Sur le plan de l’auditabilité, tous les documents (ex. : fiches de lecture, verbatim, codages) utilisés lors de la recherche ont été regroupés sur un support informatique accessible à tous les membres de l’équipe de recherche (Dropbox). Par contre, un journal de bord détaillant le rationnel derrière les choix méthodologiques effectués aurait permis d’augmenter l’auditabilité de la recherche. La vérification des résultats auprès des participants effectuée dans cette étude contribue à assurer la rigueur scientifique sur le plan de la confirmabilité. De surcroît, bien qu’aucun des pairs consultés n’était totalement désintéressé de l’étude, lors de l’analyse des données tous les chercheurs de l’étude ont été sollicités afin d’obtenir leurs rétroactions à l’égard des analyses effectuées et des résultats obtenus.

Résultats
Selon les intervenants rencontrés, l’intégration du thème de la paternité au sein des programmes d’intervention destinés aux hommes ayant des comportements violents pose plusieurs défis. Ces défis sont liés aux caractéristiques des hommes qui fréquentent ces services, à l’organisation des programmes, aux politiques et aux lois provinciales, aux intervenants et au milieu. Plusieurs des hommes qui fréquentent les groupes de thérapie en violence conjugale vivent des conflits conjugaux intenses, entretiennent du ressentiment à l’égard des institutions et sont parfois contraints de participer au groupe. Plusieurs d’entre eux ne sont donc pas disposés ou réceptifs aux interventions, car ils sont absorbés par leurs ressentiments. À ces défis s’ajoutent aussi l’absence de reconnaissance de la violence et de ses conséquences, les différences culturelles et les problématiques concomitantes (ex. : troubles de santé mentale). Certains défis concernent la composition des groupes, car ce ne sont pas tous les hommes qui ont un enfant. Les intervenants sont aussi limités par le mandat « violence » de leur organisme et par la durée des groupes qui restreint le contenu qu’il est possible d’aborder. De plus, l’exposition à la violence conjugale comme motif de signalement obligatoire à la protection de l’enfance crée un dilemme chez les intervenants qui ont souvent à choisir entre signaler leur client ou préserver leur lien de confiance avec celui-ci (d’autant plus qu’une fois signalés, ces pères sont souvent retournés dans les services en violence). Les intervenants rencontrés notent également que le financement irrégulier des programmes et les probations qui se terminent avant la fin de l’intervention compliquent leur travail. Ils mentionnent aussi manquer de formation, de supervision clinique et d’outils à leur disposition pour intégrer la paternité au sein de leurs groupes. Enfin, l’opprobre social fait en sorte que socialement, nous sommes davantage portés à condamner ces pères qu’à les aider.

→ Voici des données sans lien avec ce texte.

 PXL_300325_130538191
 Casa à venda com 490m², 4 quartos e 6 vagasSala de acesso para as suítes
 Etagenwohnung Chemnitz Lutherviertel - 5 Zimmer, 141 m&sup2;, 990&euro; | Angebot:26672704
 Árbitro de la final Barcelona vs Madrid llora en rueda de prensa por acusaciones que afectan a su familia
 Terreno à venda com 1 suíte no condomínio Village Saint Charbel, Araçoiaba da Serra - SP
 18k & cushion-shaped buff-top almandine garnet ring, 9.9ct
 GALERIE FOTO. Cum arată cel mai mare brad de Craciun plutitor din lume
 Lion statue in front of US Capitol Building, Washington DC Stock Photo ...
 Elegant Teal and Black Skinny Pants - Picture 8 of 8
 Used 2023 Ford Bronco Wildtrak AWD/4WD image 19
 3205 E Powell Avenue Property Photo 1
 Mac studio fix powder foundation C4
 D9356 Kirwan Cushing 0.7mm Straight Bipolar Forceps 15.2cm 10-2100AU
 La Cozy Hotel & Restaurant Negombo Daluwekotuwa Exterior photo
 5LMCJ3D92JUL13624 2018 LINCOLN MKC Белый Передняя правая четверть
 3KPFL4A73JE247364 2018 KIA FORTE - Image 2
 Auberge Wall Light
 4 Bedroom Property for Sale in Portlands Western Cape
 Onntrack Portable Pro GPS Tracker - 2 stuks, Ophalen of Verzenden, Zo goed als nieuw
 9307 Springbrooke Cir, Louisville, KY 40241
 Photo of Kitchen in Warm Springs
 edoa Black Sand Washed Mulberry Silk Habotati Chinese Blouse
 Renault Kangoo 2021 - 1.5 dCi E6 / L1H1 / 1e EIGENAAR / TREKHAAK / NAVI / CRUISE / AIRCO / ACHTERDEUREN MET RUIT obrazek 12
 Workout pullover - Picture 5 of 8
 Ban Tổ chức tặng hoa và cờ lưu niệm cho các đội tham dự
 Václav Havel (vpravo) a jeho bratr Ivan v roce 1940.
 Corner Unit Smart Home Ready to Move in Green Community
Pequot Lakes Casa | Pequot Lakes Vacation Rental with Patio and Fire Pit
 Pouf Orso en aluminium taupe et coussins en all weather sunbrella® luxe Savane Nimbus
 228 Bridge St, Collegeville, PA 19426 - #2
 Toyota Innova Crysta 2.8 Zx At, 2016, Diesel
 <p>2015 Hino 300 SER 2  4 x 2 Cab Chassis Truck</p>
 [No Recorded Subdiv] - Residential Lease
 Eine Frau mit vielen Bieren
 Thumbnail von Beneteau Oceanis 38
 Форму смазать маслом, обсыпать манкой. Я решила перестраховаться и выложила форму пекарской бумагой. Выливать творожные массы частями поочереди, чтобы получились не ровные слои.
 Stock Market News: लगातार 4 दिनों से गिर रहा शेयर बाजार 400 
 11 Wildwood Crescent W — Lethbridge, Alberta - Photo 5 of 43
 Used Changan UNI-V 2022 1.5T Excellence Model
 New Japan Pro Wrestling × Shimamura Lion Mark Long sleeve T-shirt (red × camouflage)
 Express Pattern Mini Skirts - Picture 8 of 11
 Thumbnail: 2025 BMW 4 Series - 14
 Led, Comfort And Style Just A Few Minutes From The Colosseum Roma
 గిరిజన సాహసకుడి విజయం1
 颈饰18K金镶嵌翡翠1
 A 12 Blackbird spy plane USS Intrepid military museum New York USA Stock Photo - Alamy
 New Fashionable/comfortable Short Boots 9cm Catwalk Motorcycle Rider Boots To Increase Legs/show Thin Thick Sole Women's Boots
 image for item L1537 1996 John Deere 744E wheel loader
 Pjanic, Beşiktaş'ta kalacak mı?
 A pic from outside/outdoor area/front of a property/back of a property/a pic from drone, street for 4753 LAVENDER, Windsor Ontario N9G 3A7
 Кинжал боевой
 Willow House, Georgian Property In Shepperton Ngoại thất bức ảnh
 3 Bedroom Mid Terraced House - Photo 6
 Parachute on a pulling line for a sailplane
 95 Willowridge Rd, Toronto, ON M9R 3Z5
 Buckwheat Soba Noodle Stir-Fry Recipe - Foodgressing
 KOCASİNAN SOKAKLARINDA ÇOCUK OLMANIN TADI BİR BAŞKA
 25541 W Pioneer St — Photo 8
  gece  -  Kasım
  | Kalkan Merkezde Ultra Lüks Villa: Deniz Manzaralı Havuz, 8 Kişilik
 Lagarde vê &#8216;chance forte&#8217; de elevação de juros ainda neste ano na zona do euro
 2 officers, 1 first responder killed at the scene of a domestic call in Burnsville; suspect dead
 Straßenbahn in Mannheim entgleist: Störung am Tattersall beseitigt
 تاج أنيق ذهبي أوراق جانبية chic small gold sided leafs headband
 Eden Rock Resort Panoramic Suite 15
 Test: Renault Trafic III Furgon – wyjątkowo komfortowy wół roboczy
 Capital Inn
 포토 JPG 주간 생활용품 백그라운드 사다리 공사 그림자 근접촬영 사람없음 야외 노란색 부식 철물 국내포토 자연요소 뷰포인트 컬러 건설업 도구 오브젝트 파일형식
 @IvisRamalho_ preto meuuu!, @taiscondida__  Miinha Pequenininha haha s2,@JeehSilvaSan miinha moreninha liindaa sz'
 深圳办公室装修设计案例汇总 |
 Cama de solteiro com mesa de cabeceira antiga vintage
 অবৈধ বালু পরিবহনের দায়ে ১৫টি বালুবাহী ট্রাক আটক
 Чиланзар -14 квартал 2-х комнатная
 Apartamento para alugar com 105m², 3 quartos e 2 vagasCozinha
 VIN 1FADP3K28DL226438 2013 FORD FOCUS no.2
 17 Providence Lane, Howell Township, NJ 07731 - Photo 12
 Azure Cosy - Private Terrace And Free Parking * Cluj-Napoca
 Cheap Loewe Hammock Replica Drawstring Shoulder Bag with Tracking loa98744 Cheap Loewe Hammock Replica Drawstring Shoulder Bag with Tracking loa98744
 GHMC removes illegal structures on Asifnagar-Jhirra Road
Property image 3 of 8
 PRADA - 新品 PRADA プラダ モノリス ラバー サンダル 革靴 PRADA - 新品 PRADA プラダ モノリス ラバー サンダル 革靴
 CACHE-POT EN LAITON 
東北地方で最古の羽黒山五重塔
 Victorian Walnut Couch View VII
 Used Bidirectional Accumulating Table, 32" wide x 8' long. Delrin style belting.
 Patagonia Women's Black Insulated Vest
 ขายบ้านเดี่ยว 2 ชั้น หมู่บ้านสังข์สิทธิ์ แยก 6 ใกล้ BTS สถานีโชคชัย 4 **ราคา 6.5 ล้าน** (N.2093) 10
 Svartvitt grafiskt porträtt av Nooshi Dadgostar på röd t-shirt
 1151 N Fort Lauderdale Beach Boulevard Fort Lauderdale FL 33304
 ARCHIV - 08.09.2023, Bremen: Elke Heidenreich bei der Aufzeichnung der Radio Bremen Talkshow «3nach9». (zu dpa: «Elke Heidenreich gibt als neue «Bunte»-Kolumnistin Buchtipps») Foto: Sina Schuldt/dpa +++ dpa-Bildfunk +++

Les intervenants interrogés soulèvent plusieurs pistes de solution afin de relever les défis susmentionnés. D’abord, le financement adéquat et récurant des programmes d’intervention apparaît comme une condition sine qua non pour une intervention de qualité s’adressant spécifiquement aux pères ayant des comportements violents. De surcroît, au-delà de la volonté des intervenants, l’intégration de la dimension paternité au sein des programmes en violence conjugale doit faire l’objet d’un soutien organisationnel favorisant entre autres la formation des intervenants et la concertation avec différents acteurs du milieu. Plusieurs intervenants rencontrés soulignent le besoin et la pertinence des programmes d’intervention destinés exclusivement aux pères qui ont des conduites violentes. Ces programmes contribueraient à favoriser un engagement paternel sain pour tous les membres de la famille, notamment par le biais de l’amélioration des habiletés parentales et des connaissances des pères à propos des besoins de leurs enfants et des conséquences de la violence sur eux.